- [TASK STATEMENT]
The material below includes pictures; leave them out and return only the lines between the line containing "null CHINA - SONG" and the line containing "409 Cheyenne Ln, Wright", inclusive, word for word.

DATA PROVIDED below:

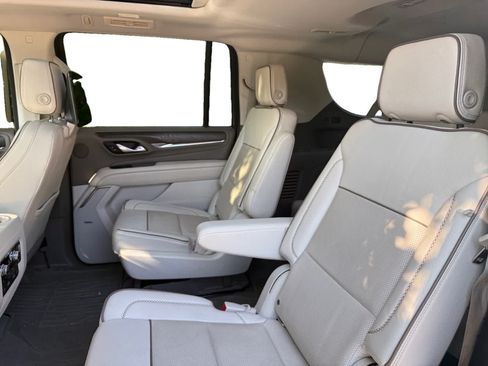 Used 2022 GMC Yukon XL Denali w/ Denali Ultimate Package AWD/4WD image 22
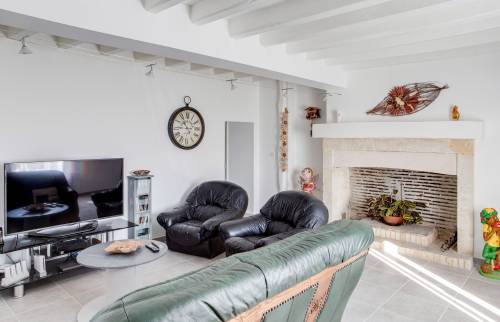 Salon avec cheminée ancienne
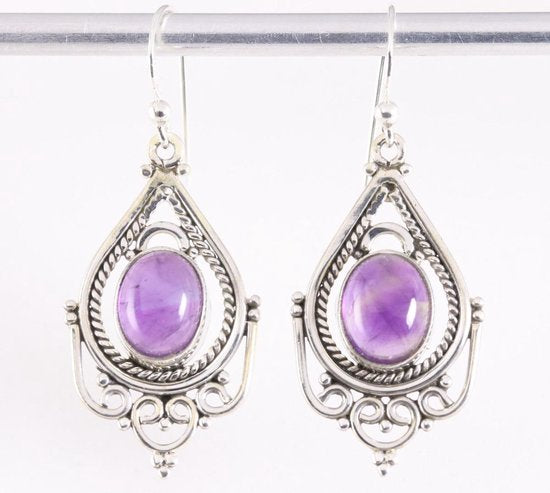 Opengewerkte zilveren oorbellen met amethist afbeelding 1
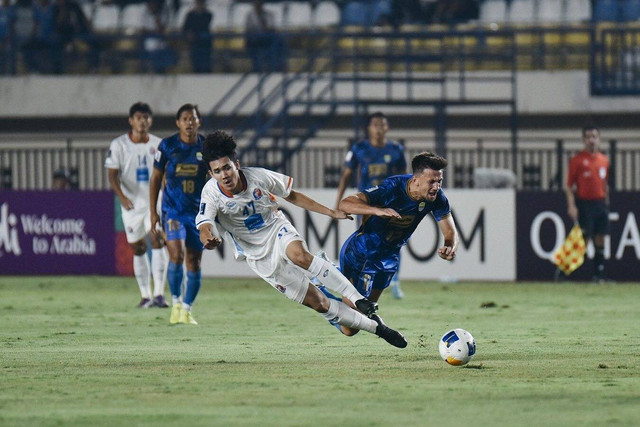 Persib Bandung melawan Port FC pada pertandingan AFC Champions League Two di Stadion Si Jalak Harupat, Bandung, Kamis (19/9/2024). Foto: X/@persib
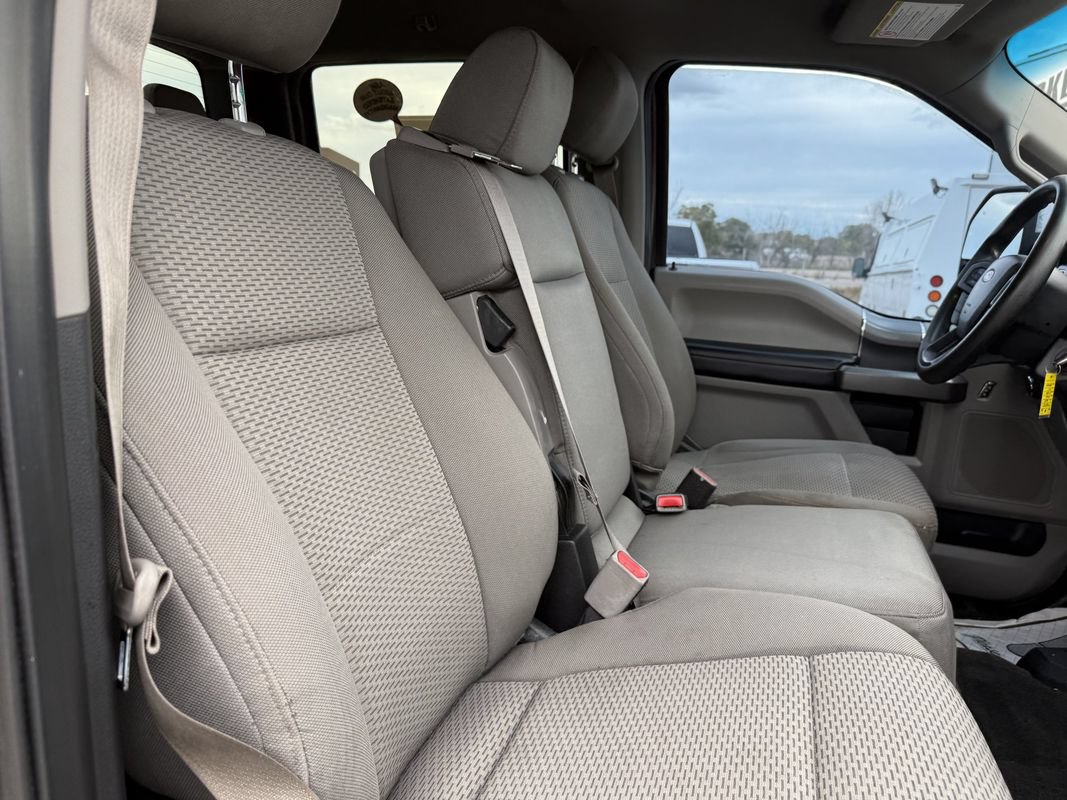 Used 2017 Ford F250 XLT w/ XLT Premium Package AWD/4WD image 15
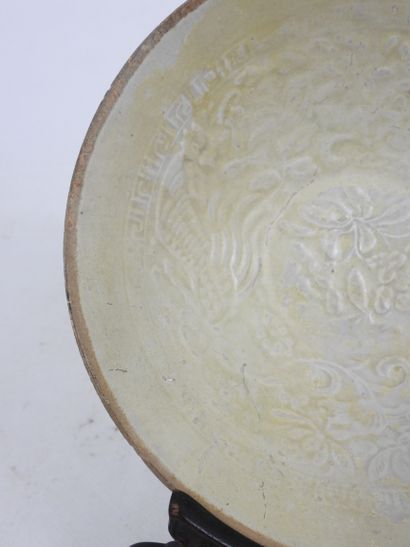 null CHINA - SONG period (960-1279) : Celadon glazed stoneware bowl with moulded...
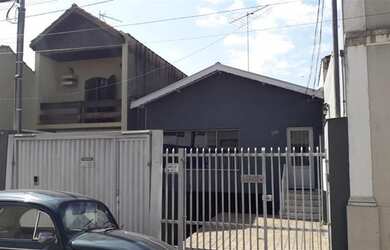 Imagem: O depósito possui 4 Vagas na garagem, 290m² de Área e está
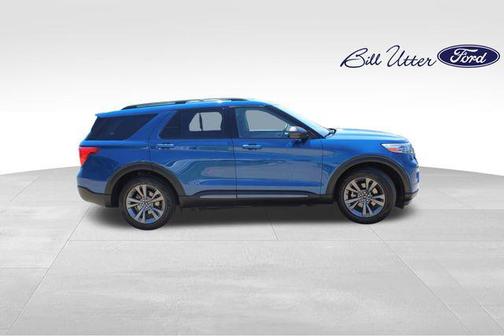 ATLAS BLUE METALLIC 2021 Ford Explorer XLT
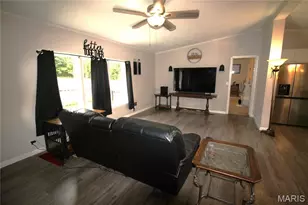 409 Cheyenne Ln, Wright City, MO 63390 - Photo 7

End of DATA PROVIDED.
DATA PROVIDED below:

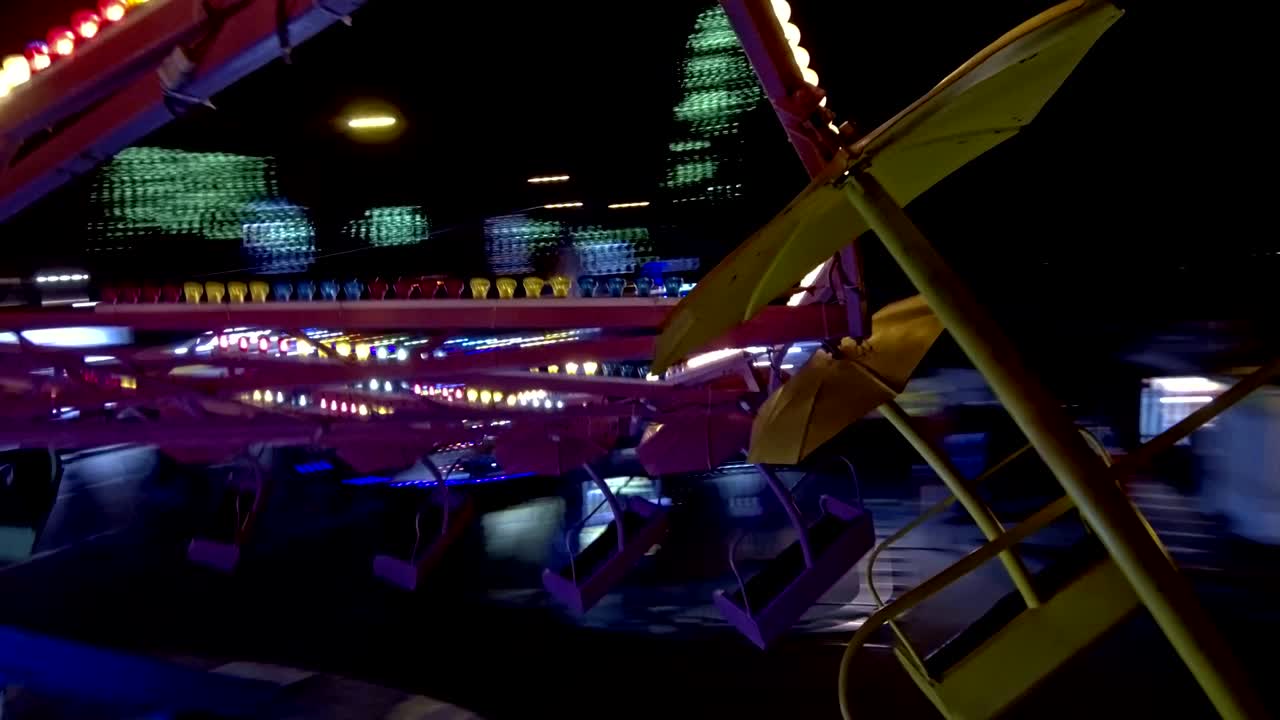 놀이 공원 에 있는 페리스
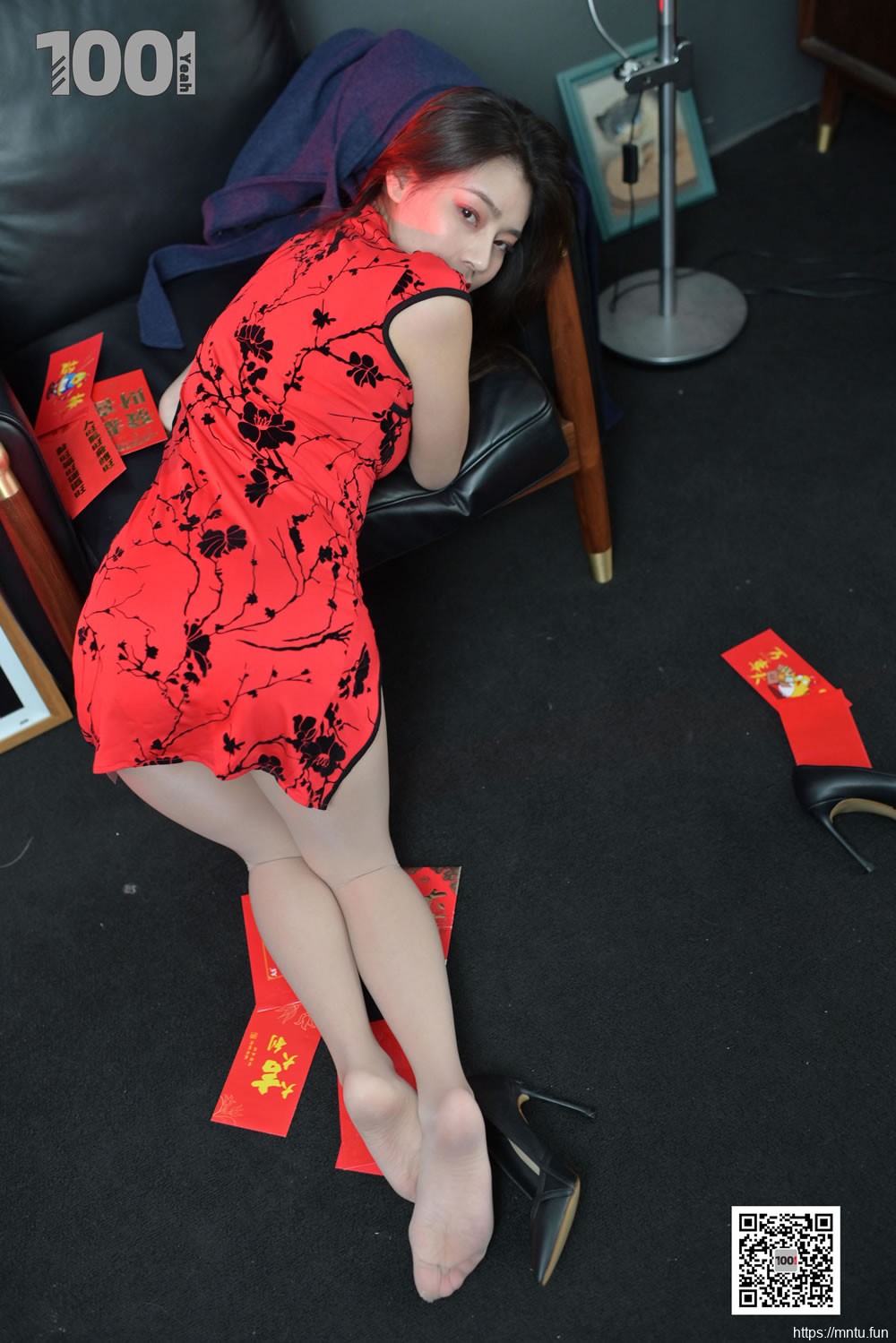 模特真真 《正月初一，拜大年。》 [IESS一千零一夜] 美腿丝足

End of DATA PROVIDED.
DATA PROVIDED below:

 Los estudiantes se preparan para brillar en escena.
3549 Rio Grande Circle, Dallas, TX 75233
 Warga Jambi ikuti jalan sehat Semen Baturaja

End of DATA PROVIDED.

- [RESULT]
 null CHINA - SONG period (960-1279) : Celadon glazed stoneware bowl with moulded...
 Imagem: O depósito possui 4 Vagas na garagem, 290m² de Área e está
 ATLAS BLUE METALLIC 2021 Ford Explorer XLT
 409 Cheyenne Ln, Wright City, MO 63390 - Photo 7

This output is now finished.